In a new ethics opinion, the Orange County Bar Association’s Professionalism & Ethics Committee has opined that, under most circumstances, a California lawyer is not obligated to reveal that a freelance lawyer participated in drafting documents submitted to the court. In the opinion, the Committee expands the use of the term “ghostwriting” from its common legal industry connotation (a lawyer’s participation in drafting a document that a pro se party submits to the court without revealing the attorney’s involvement) to encompass work that one lawyer (whether or not admitted to practice in California) performs for another lawyer.
The Committee first explained that concerns about the duties of candor (Cal. Bus. & Prof. Code §6068(d); Cal. R. Prof’l Conduct 5-200(A), (B)) and honesty (Cal. Bus. & Prof Code §6106) that have led some jurisdictions—although, notably, not California—to require disclosure of an attorney’s involvement in drafting documents submitted by pro se litigants are inapplicable where the ghostwriting is performed for another lawyer. This is so because the freelance lawyer has not made any affirmative statement to the court or in any way misled the court or opposing counsel.
The Committee next opined that an out-of-state lawyer’s ghostwriting (for a lawyer) generally will not constitute the unauthorized practice of law. The Committee quoted with approval the following language from Winterrowd v.

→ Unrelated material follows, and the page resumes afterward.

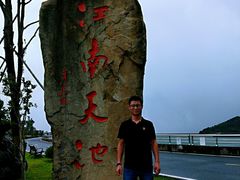 -江南天池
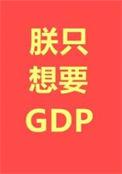 朕只想当个昏君全文免费阅读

American General Annuity Ins., which involved an Oregon lawyer (not admitted in California or pro hac‘d into the Central District) who assisted a California lawyer in a case before the United States District Court for the Central District of California:
[There is no ethical violation] so long as the particular person admitted in that state is the person who, on behalf of the firm, vouched for the work of all of the others and, with the client and in the courts, did the legal acts defined by that state as the practice of law…
The important requirement in this respect is simply that the local [lawyer] must be admitted in the state and must have the ability to make, and be responsible for making, decisions for the lawyer group.
556 F.3d 815, 824‒25 (9th Cir. 2009). The court noted, however, that, an out-of-state freelance lawyer who has: (1) significant involvement with the client and (2) engages in “sufficient activities in the state or creat[es]…a continuing relationship with a California client that includes the exercise of legal duties” may be considered to be practicing law under Birbrower, Montalbano, Condon & Frank, PC v. Superior Court, 17 Cal. 4th 119, 128 (1998).
Although the issue before it was whether ghostwriting must be revealed to the court and opposing counsel, the Committee next opined that the hiring attorney should inform the client of the hiring of an outside lawyer or firm if the use of the outside lawyer or firm is a significant development. The Committee further recommended disclosing the use of a freelance attorney at the outset of the representation if the hiring attorney knows he will be using an out-of-state freelance attorney. It’s not clear why the Committee limited this recommendation to cases involving out-of-state freelance attorneys, as opposed to California-licensed freelance attorneys. (I recommend disclosing the use of a freelance lawyer to the client and obtaining the client’s consent under all circumstances.)
The Committee noted that a hiring attorney must disclose a freelance lawyer’s involvement in a case to the court and opposing counsel if the client seeks to recover attorneys fees in the litigation.
Finally, the Committee reiterated the bedrock rule that distinguishes the relationship between hiring attorneys and freelance attorneys from the relationship between co-counsel: in the hiring attorney-freelance attorney relationship, the hiring attorney must appropriately supervise the work of the freelance attorney to ensure that the client is represented in a competent manner.
Opinion 2014-1 treads little new ground. While none of the numerous state and local California ethics opinions address whether there is an obligation to disclose to the court and the opposing party a freelance attorney’s participation in drafting court documents, all of the other issues addressed in the opinion are well-settled in California and nationally.